Your answer must be an exact copy of the records, minus any pictures.
————
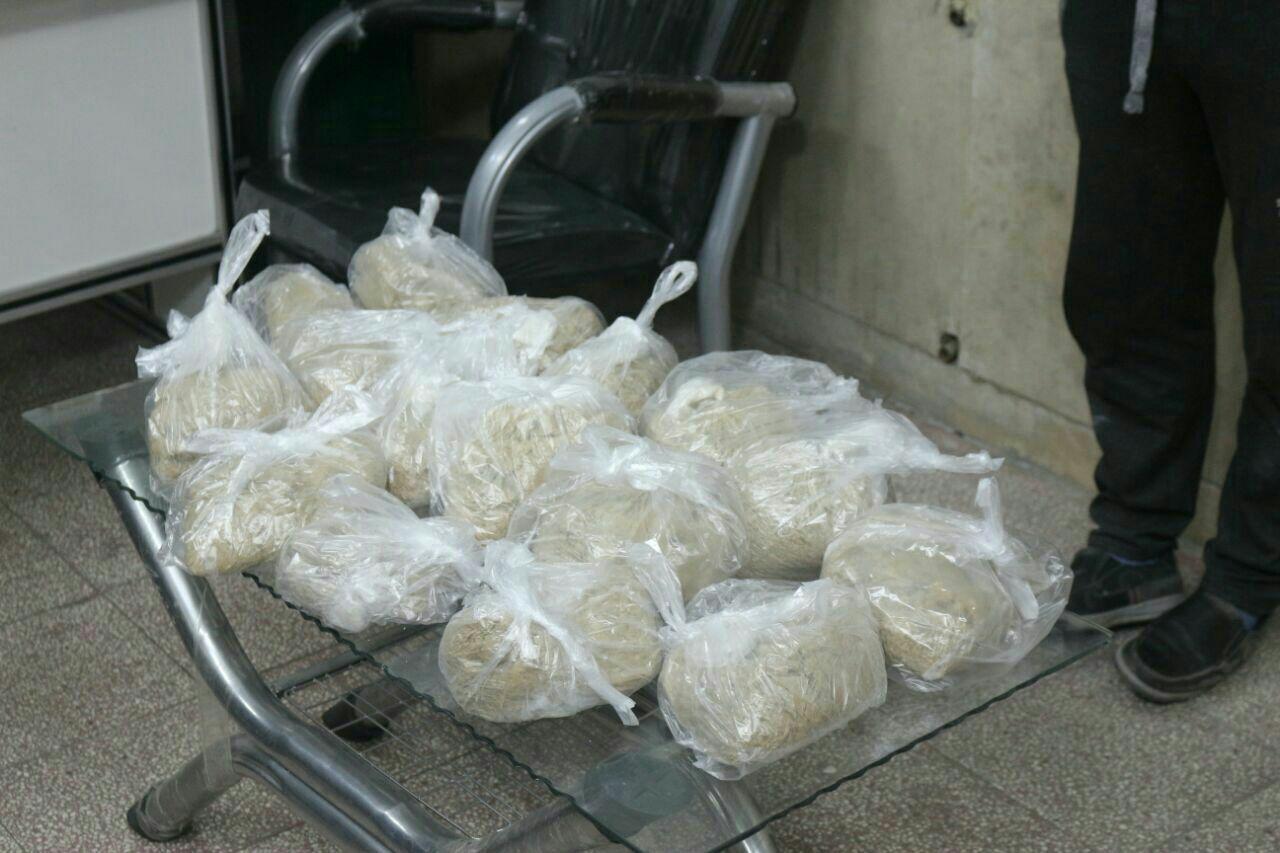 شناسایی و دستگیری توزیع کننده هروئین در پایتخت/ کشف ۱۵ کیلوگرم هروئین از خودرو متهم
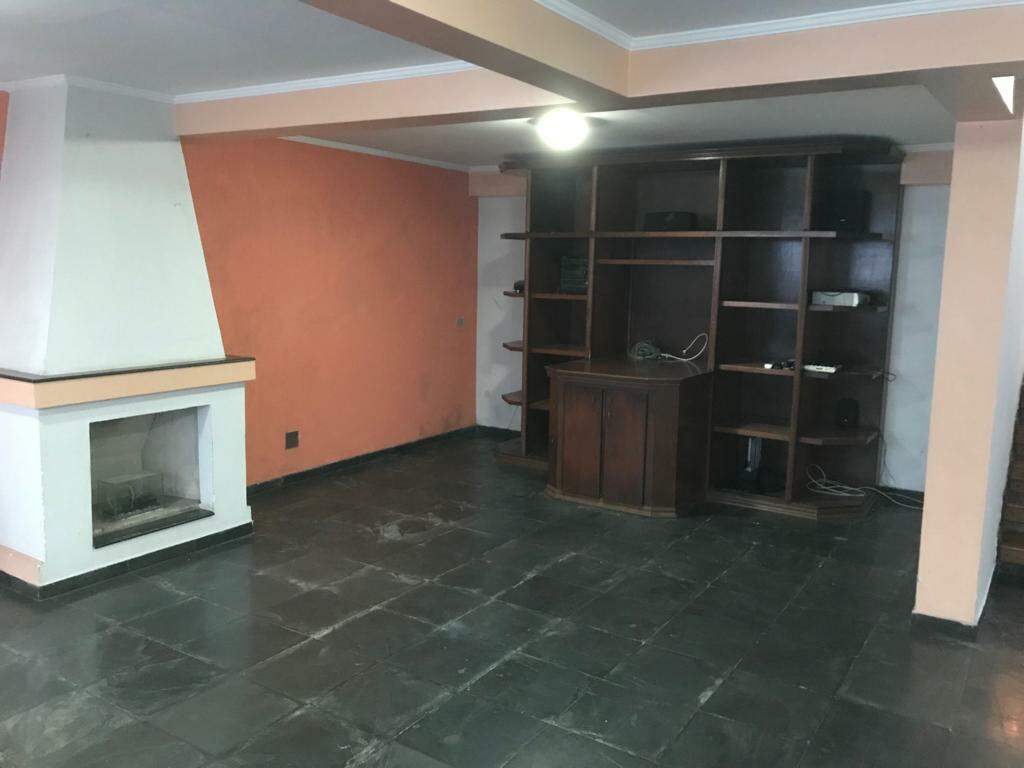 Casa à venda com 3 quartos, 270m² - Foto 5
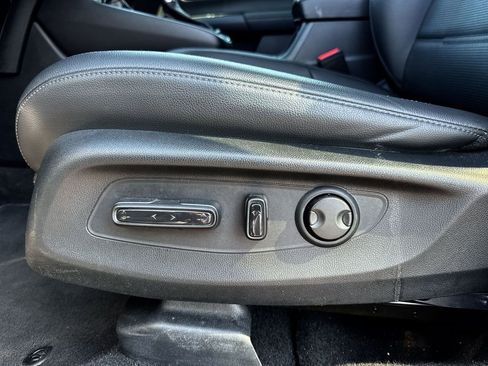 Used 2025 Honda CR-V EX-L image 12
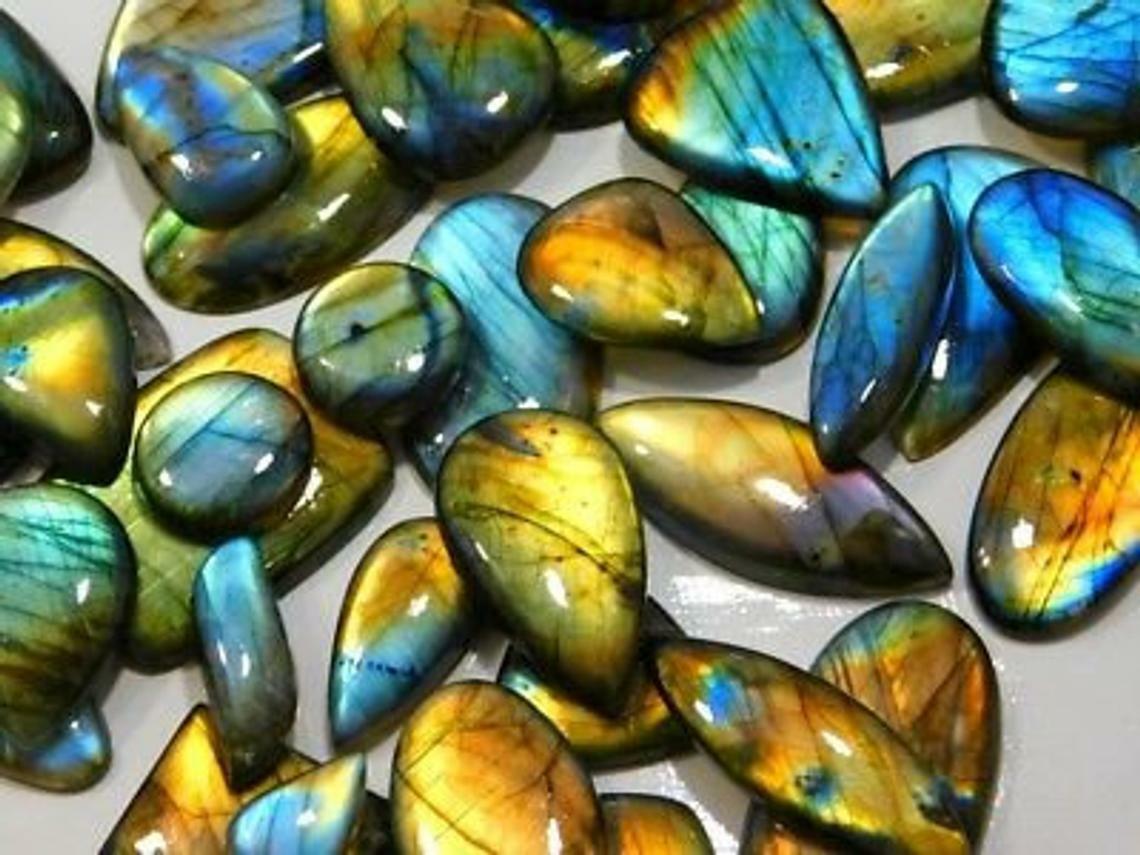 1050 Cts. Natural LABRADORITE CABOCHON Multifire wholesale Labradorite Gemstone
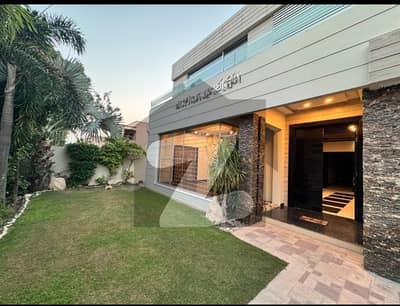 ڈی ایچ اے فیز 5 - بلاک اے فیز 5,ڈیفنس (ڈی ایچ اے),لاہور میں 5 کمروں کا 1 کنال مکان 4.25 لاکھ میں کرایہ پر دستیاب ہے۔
————
Reply ::
 شناسایی و دستگیری توزیع کننده هروئین در پایتخت/ کشف ۱۵ کیلوگرم هروئین از خودرو متهم
 Casa à venda com 3 quartos, 270m² - Foto 5
 Used 2025 Honda CR-V EX-L image 12
 1050 Cts. Natural LABRADORITE CABOCHON Multifire wholesale Labradorite Gemstone
 ڈی ایچ اے فیز 5 - بلاک اے فیز 5,ڈیفنس (ڈی ایچ اے),لاہور میں 5 کمروں کا 1 کنال مکان 4.25 لاکھ میں کرایہ پر دستیاب ہے۔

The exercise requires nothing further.